_Try it_.
Begin at the first line of the data and copy each line through the one containing "Watercolour of the", that line included, with no pictures.

_Data segment_.
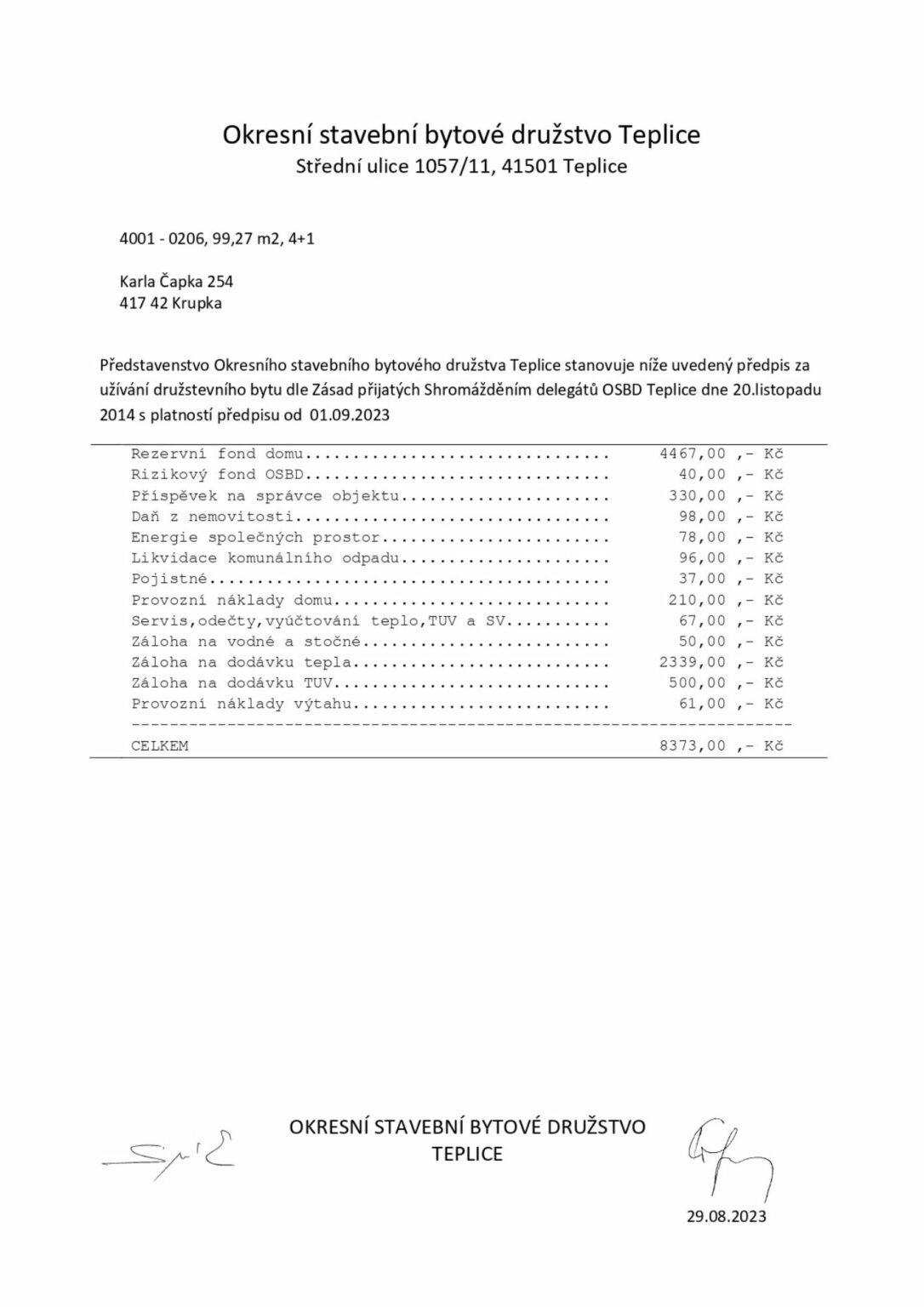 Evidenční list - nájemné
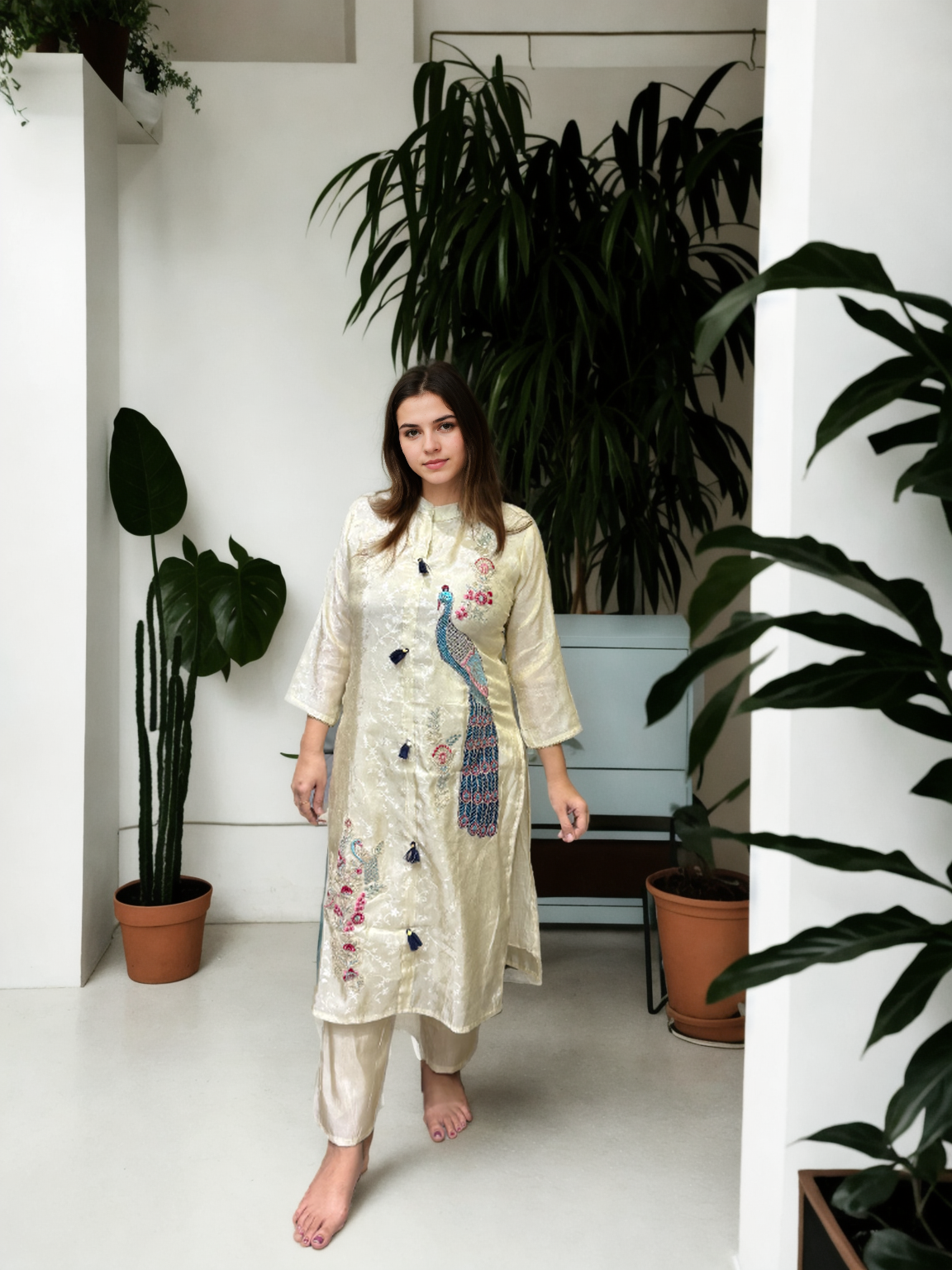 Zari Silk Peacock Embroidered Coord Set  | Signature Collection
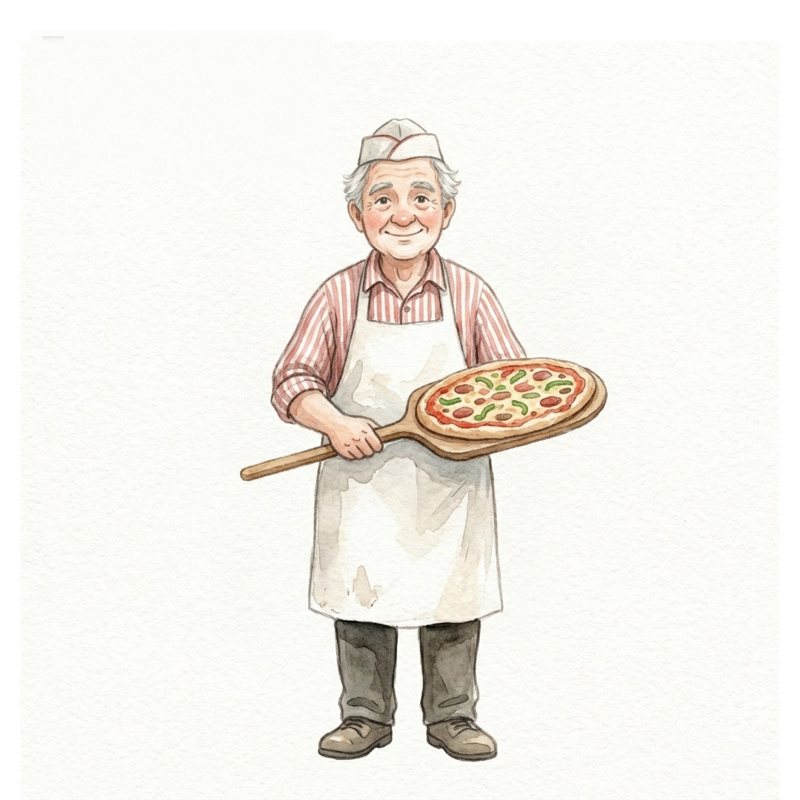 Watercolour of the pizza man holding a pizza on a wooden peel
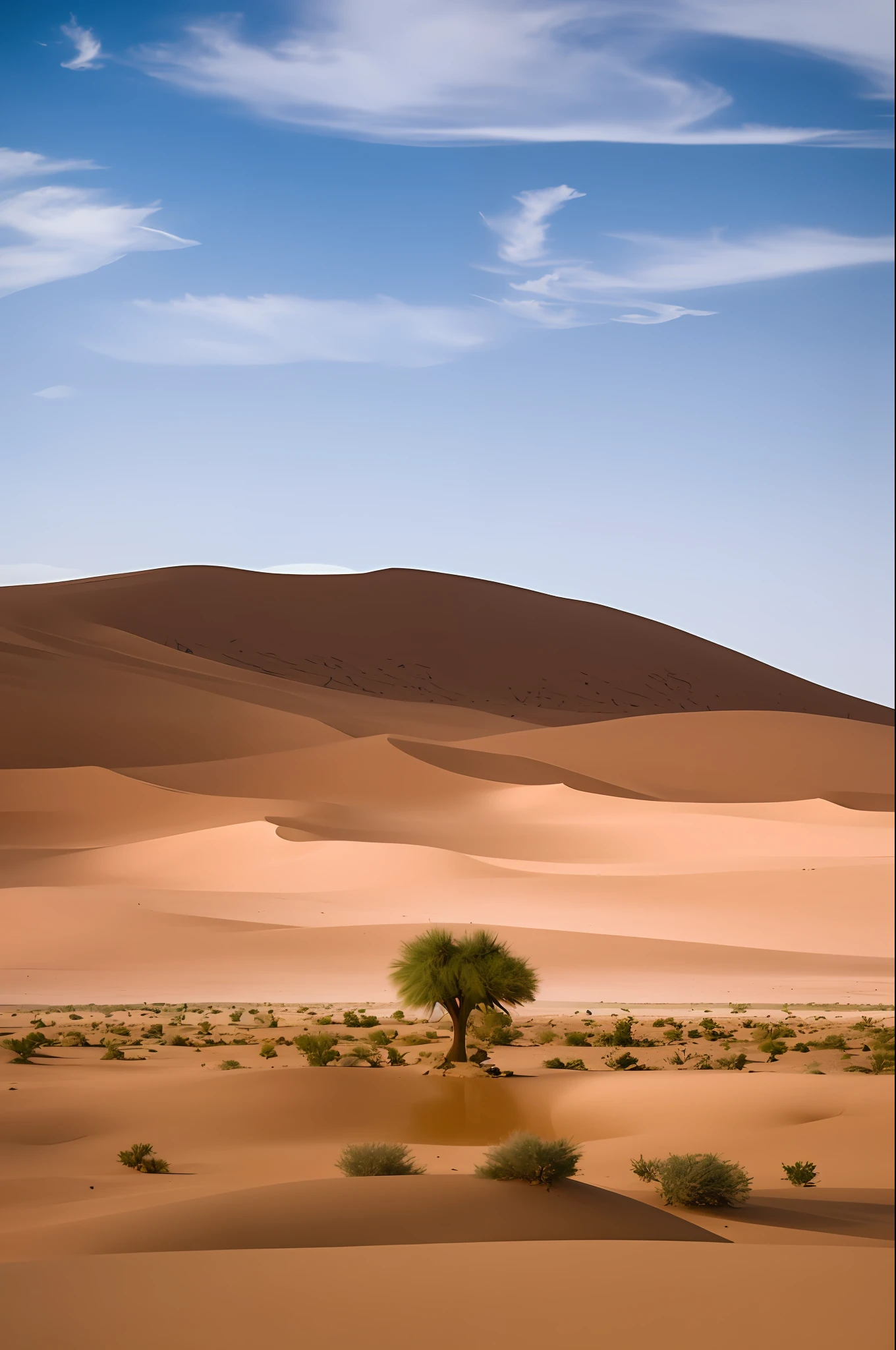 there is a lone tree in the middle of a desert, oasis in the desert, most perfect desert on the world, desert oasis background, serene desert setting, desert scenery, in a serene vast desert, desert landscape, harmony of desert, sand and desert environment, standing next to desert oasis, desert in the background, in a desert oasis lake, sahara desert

_Expected answer_.
 Evidenční list - nájemné
 Zari Silk Peacock Embroidered Coord Set  | Signature Collection
 Watercolour of the pizza man holding a pizza on a wooden peel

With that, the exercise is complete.